Brooke, Collin. “Making Room, Writing Hypertext.” JAC 19.2 (1999): 253-268.
In this piece, Brooke works to reclaim arrangement from hypertext theorists that have elided the term in due to the “non-linearity” of hypertextual production. In this reclamation, Brooke employs both a time-element and a space-element to better understand the way hypertext can be arranged. The time-element is a hold-over from written discourse. The space-element is embodied in spoken discourse. Brooke indicts Bolter’s and Joyce’s collapse of arrangement into delivery by illustrating the disorientation problem – i.e., readers have expectations of texts, in hypertextual composition those needs aren’t met. This inadequacy is the result, according to Bolter and Joyce, of a user-defined delivery (one of the core realities of hypertext). To address this problem, Brooke describes how usual conceptions of text rely on Bowden’s “containerism.” This problem, one which Derrida isolates as “the repression of pluri-demensional symbolic thought” can best be revisioned through Lefebvre’s explication of space as 1) conceived, 2) perceived, and 3) lived. In this model, perceived space, or spatial practice, is employed to negotiate the “containers that print has encouraged and the paralyzing freedom of an infinitely open space” (263). This is a sort of middling, whereby the reader isn’t left to be inside the container, but can make meaning because the endless free play of signifiers is also not endless. To understand this new perceived social practice, Brooke recommends the adoption of the “pattern.” In so doing, the wreader is able to shift their focus from linear progression and pacing to pattern perception across structural components.

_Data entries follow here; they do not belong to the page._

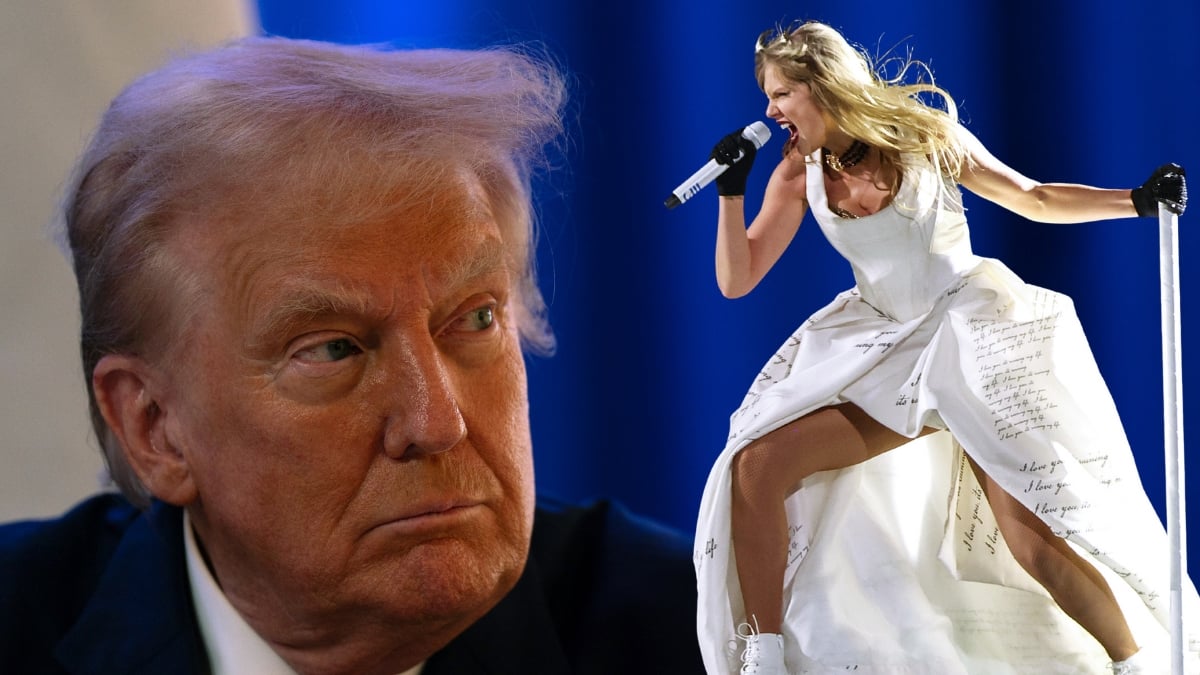 Trump Declares Taylor Swift Trump Declares Taylor Swift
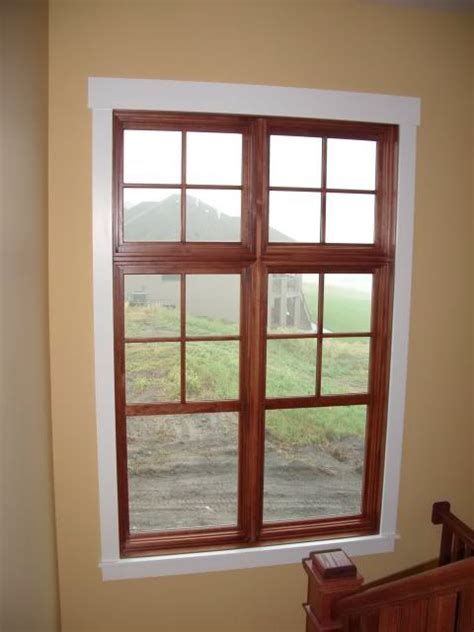 Wood Window White Trim For The Home Pinterest White Trim Window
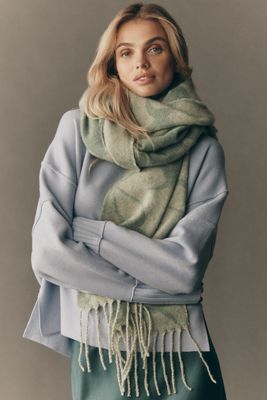 Maeve Brushed Fringe Scarf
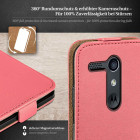 moex Flip Case Motorola Moto G Klapphülle Leder Optik – Weiteres Produktbild 3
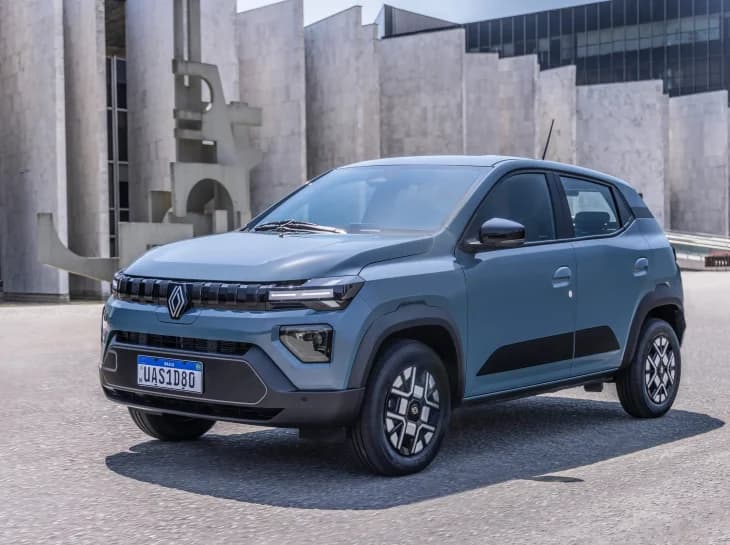 5 carros elétricos mais baratos do Brasil em 2025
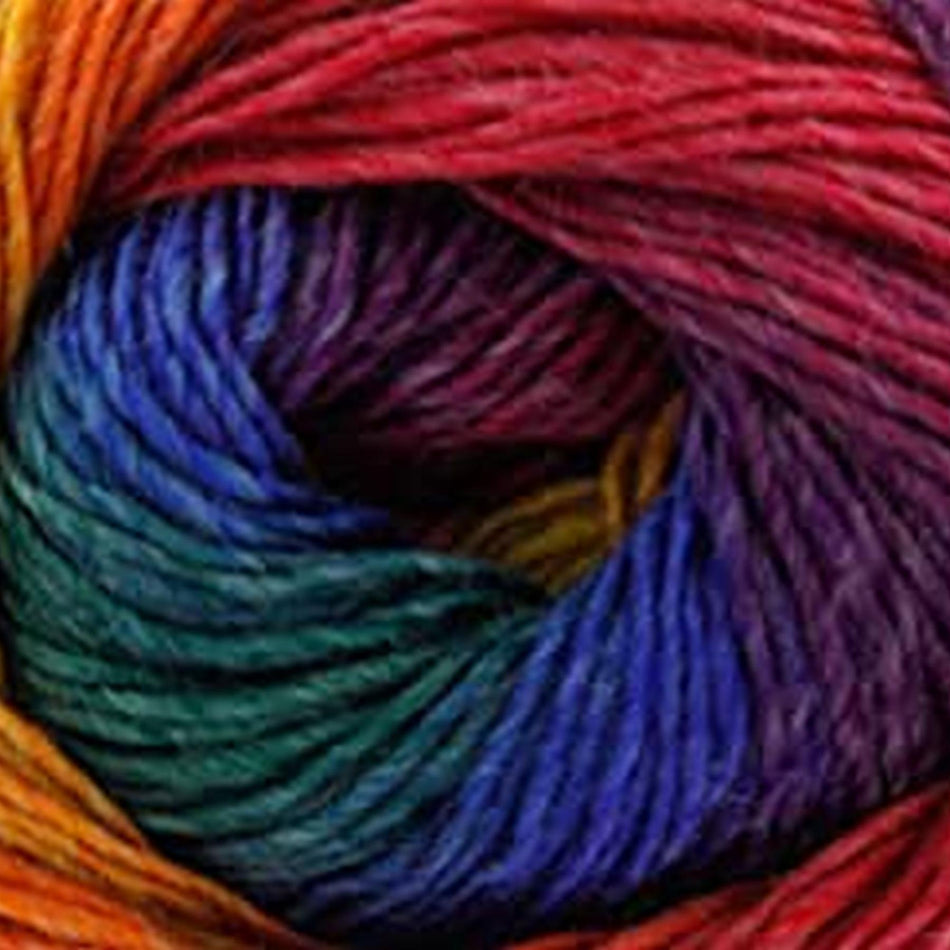 421843 Riot DK Rainbow Yarn - 134M, 100g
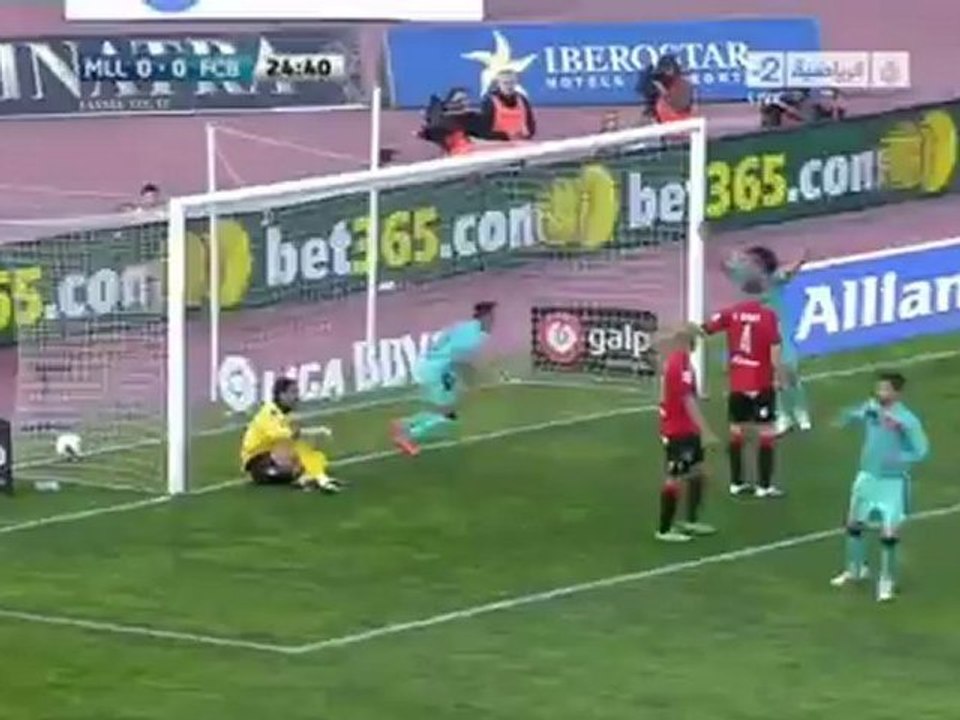 FCB 1-0 MLL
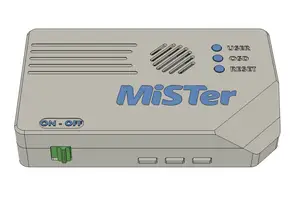 MiSTer FPGA Mini Console Case
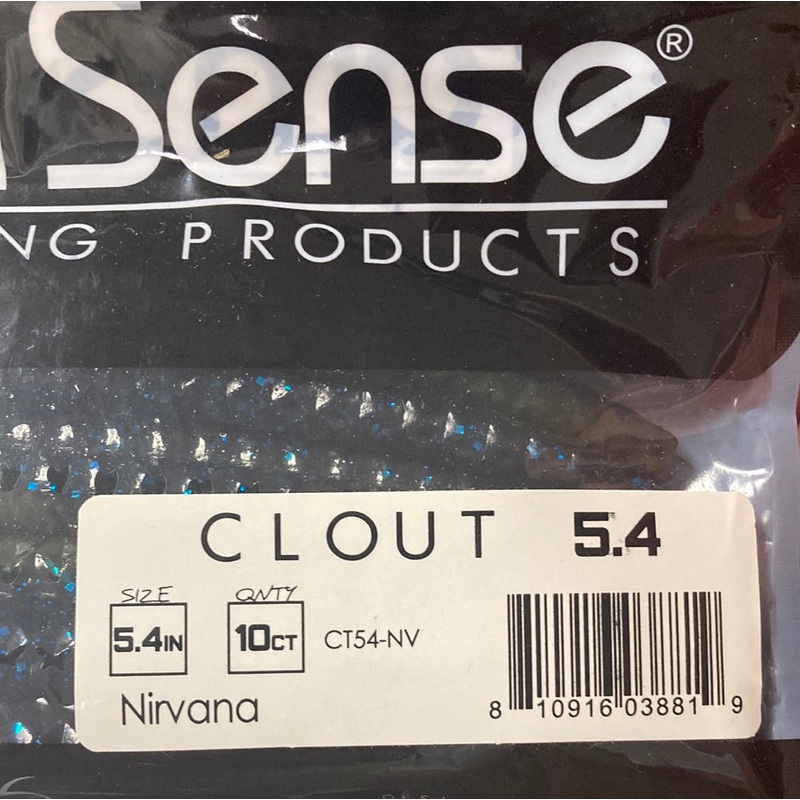 6th Sense Clout 5.4″ Nirvana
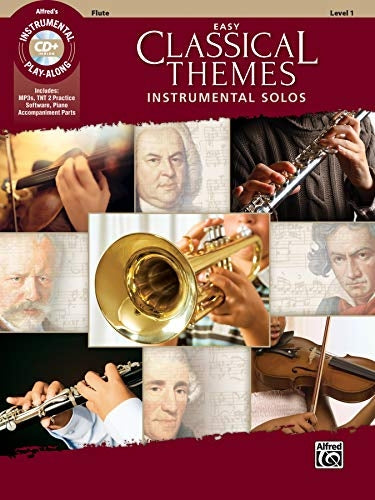 Easy Classical Themes Flt Bk+CD ALF
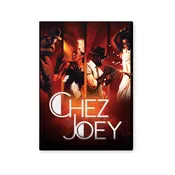 CHEZ JOEY Button Magnet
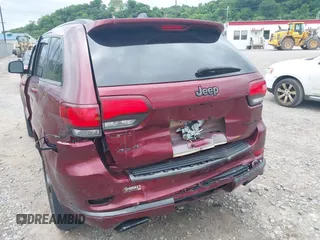 2020 Jeep Grand Cherokee Limited with VIN 1C4RJFBG9LC422420, listed as a IAAI auction lot 42493083 with 60,491 mi miles and . Bid and sale history available at DreamBid. Image 6.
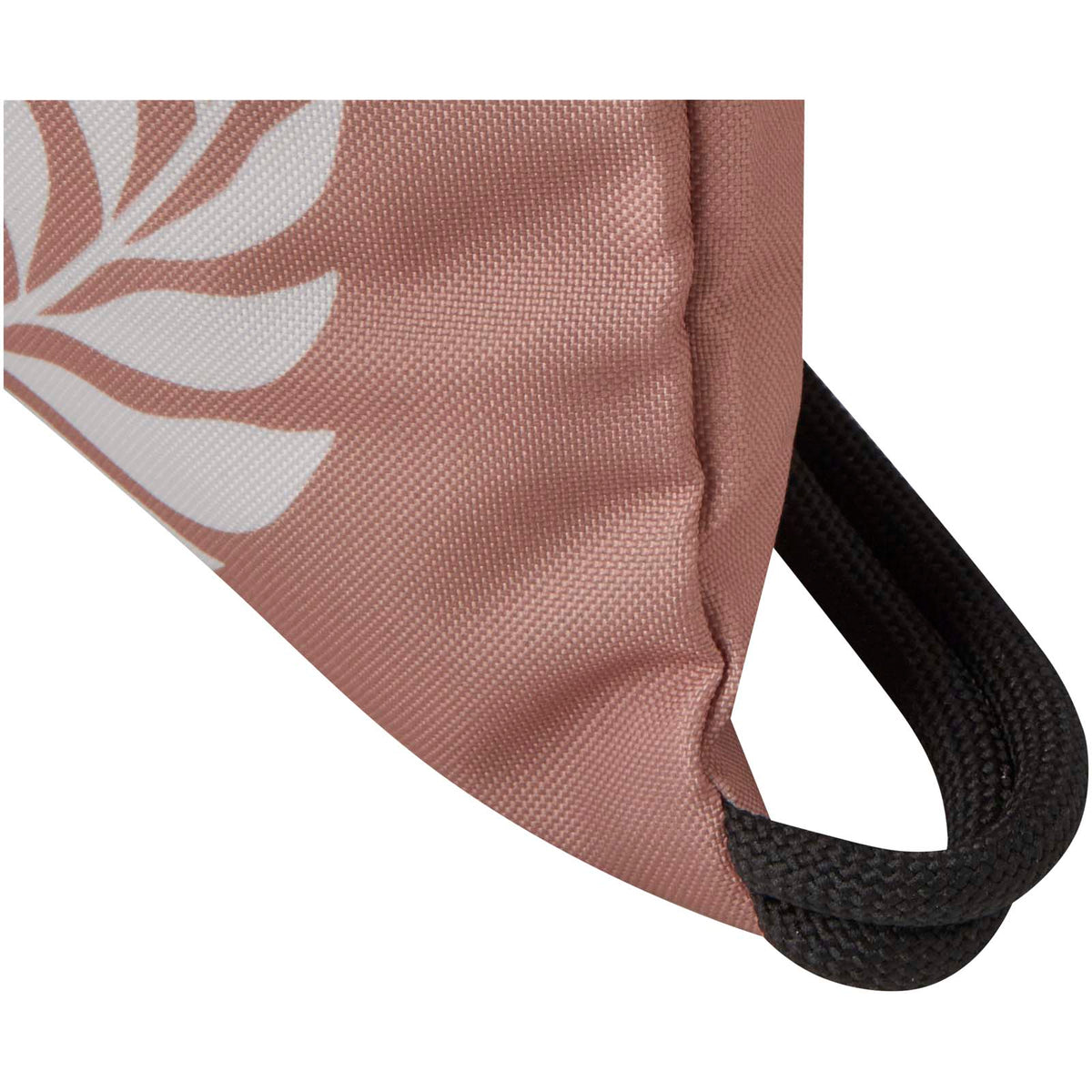 Clif PET Sublimation Sportbeutel – Schwarz / Weiss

Lefebvre – The Production of Space
Johnson-Eilola – Nostalgic Angels: Rearticulating Hypertext Writing
Quintilian – The Insitutio Oratoria of Quintilian
Tolva – Ut Pictura Hyperpoesis: Spatial Form, Visuality, and the Digital Word
Bolter – Writing Space
Joyce – Of Two Minds: Hypertext Pedagogy and Poetics
1. How do we conceive of arrangement in hypertextual creations?
2. The flipping of organization and formulae on the bottom of 261 seems weak to me. Brooke notes, “Formulae do not help students learn how to organize; rather, they serve as a substitutes for the very act of organization.” Isn’t this invention work? Are we talking of reinventing the container on every project? Revisit.